It remains to be seen whether this disconnect will help or hinder the defense. On one hand, it's easy enough to bamboozle a jury with tech mumbo jumbo and build a case without a technical foundation. On the other, it's also easy to overload them with so much nonsense that they throw up their hands and decide they simply can't come to any conclusion. In other words, a hung jury or an acquittal based on reasonable doubt.
But what if the jury was comprised of network professionals? The trial would be shorter without all that time needed to educate (or miseducate) the jury. And the outcome would be more just, simply because the jury would truly understand the nature of the case rather than grappling with deeply technical issues using bad analogies and watered-down explanations.
There's certainly precedent for this. Special juries, also called blue ribbon juries, have been called before. From jrank.org:
A blue ribbon jury is also known as a special jury. From the earliest period of COMMON LAW, such juries were used to try cases beyond the understanding of the average person so that justice could be administered as fairly as possible.
Basically special juries are nearly as old as the law itself, with references dating back many hundreds of years. But the constitutionality of special juries has been called into question several times in the modern era, and not all states have this provision. Try as I might, I couldn't find any definitive source on whether or not California has a special jury statute on the books. If one exists, it probably should have been used in this case. If one doesn't, maybe it's time that we revisited the concept.

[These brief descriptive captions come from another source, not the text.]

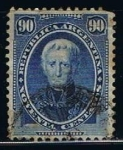 Stamps Argentina -  Scott  26  Cornelio Saavedra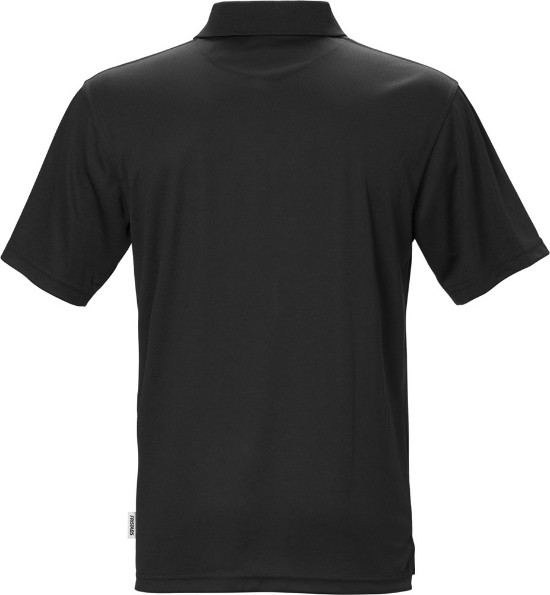 Afbeeldingen van FRISTADS Coolmax® poloshirt 718 PF zwart 2XL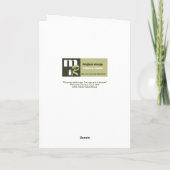 ノールーズ・ムバラク。ペルシャ暦の新年美術 シーズンカード (裏面)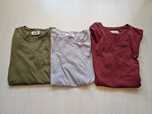 T Shirts Tommy Hilfiger S Verde/Cinzento/Bourdeaux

The world isn't getting any simpler and the Childs case won't be the last high-tech criminal case we will see. The joke in IT is that we can read everyone's e-mail and see what everyone does on their computers (at least in the office). We are omnipresent, but hardly omnipotent. The one remaining charge against Childs was written to address external threats, and was never intended to be used against the admins running the network. Thus, at least some of what we in IT do every day could conceivably be construed as illegal under some law or another if there is no distinction between the two.
That simple fact should worry all of us.